= 2023 Ghana floods =

Major floods in Ghana in 2023

Here is a list of all floods which occurred in Ghana in 2023 across all regions.

== March 7th - Greater Accra ==
The 2023 Accra Flood occurred on March 7, 2023, after several hours of heavy rainfall in Accra, the capital of Ghana. The Ghana Meteorological Agency had warned of a rain-bearing cloud affecting southeastern Ghana, including parts of Greater Accra, Eastern, Central, and Western regions.

The flooding severely disrupted traffic and submerged roads, particularly around Kwame Nkrumah Circle, where large amounts of garbage were dumped onto the streets. Tragically, two children died when a building collapsed in Ngleshi Amanfro, and another person was electrocuted in floodwaters in Mallam West. The floods reignited discussions on flood prevention in Accra, with concerns over buildings in flood-prone areas and inadequate drainage systems. These issues have been under scrutiny since 2015, following a deadly flood-related fire at a petrol station.

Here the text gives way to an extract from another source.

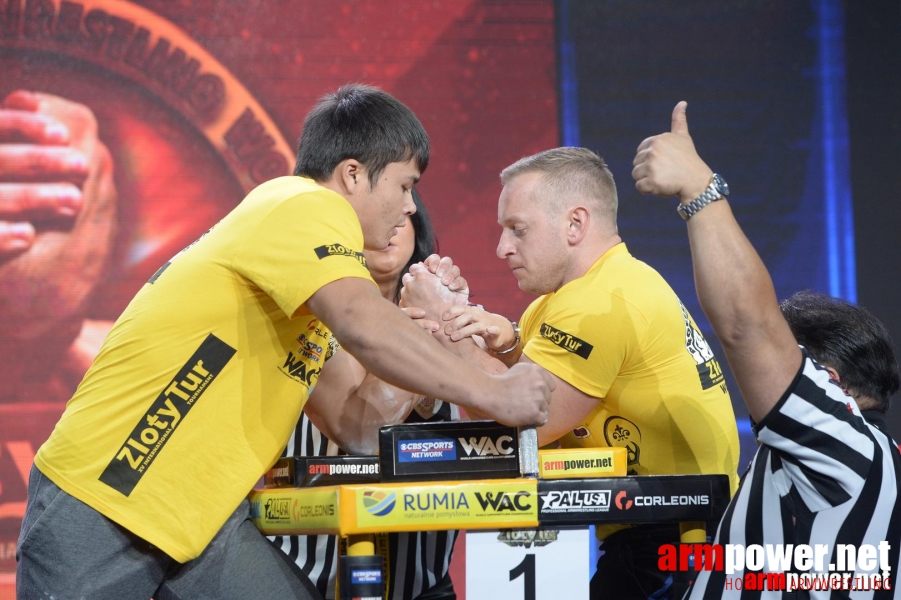 Zloty Tur 2015 by Mark Kazus - Left Hand # Armwrestling # Armpower.net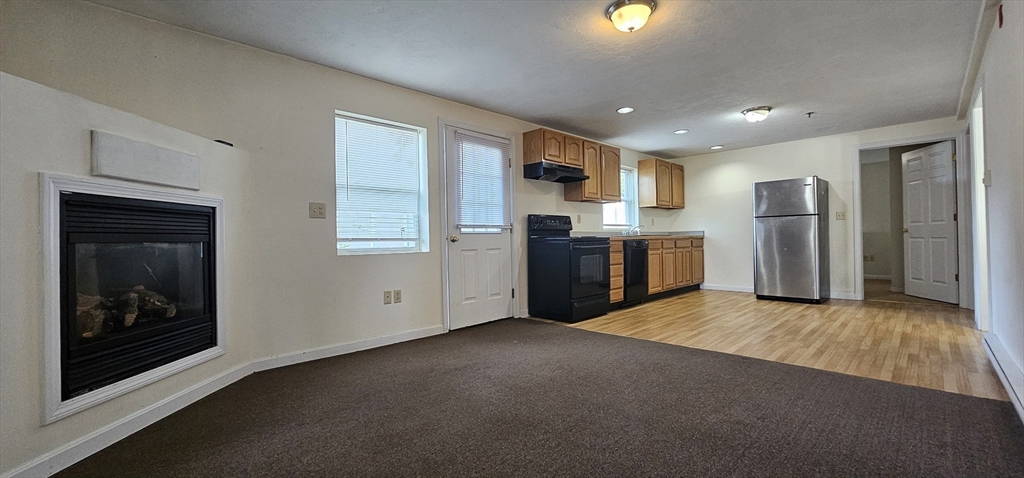 19 Mcdonald Street, Spencer, Massachusetts, 2 Bedrooms Bedrooms, 4 Rooms Rooms,1 BathroomBathrooms,Residential Lease,For Rent,Mcdonald Street,73488255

== 21st June - Western Region ==
In Western, and Ashanti. Heavy rainfall that began on June 21 caused widespread flooding, leading to road blockages and severe traffic disruptions, particularly in the Ga South and Ga East Municipalities of Greater Accra. The floods caused significant damage to property, including the destruction of around 50 homes in the Ahanta West Municipality of the Western Region. In addition, rivers like the Bonsa and Subri overflowed, exacerbating the situation and displacing many residents. Tragically, at least eight people lost their lives across the affected regions, with fatalities reported in Ashanti and Western due to drowning and flood-related incidents. Earlier in June, flooding in the Volta Region displaced approximately 3,000 people in the Keta Municipal District.

== 15th September-Volta Region ==
In September 2023, heavy rainfall and high water inflows into the Akosombo and Kpong dam reservoirs led to significant flooding in southeastern Ghana. The Volta River Authority initiated a controlled spillage of water from both the Akosombo and Kpong hydroelectric dams on September 15, 2023, which has since caused widespread flooding downstream. The spillage has impacted communities in the Volta, Eastern, and Greater Accra regions.

By mid-October 2023, more than 26,000 people had been displaced due to the rising floodwaters. This number increased to 30,000 by late November, with eight districts in the Volta Region particularly affected. The floods caused widespread damage to infrastructure, crops, and homes, creating a severe humanitarian challenge as access to essential services was disrupted.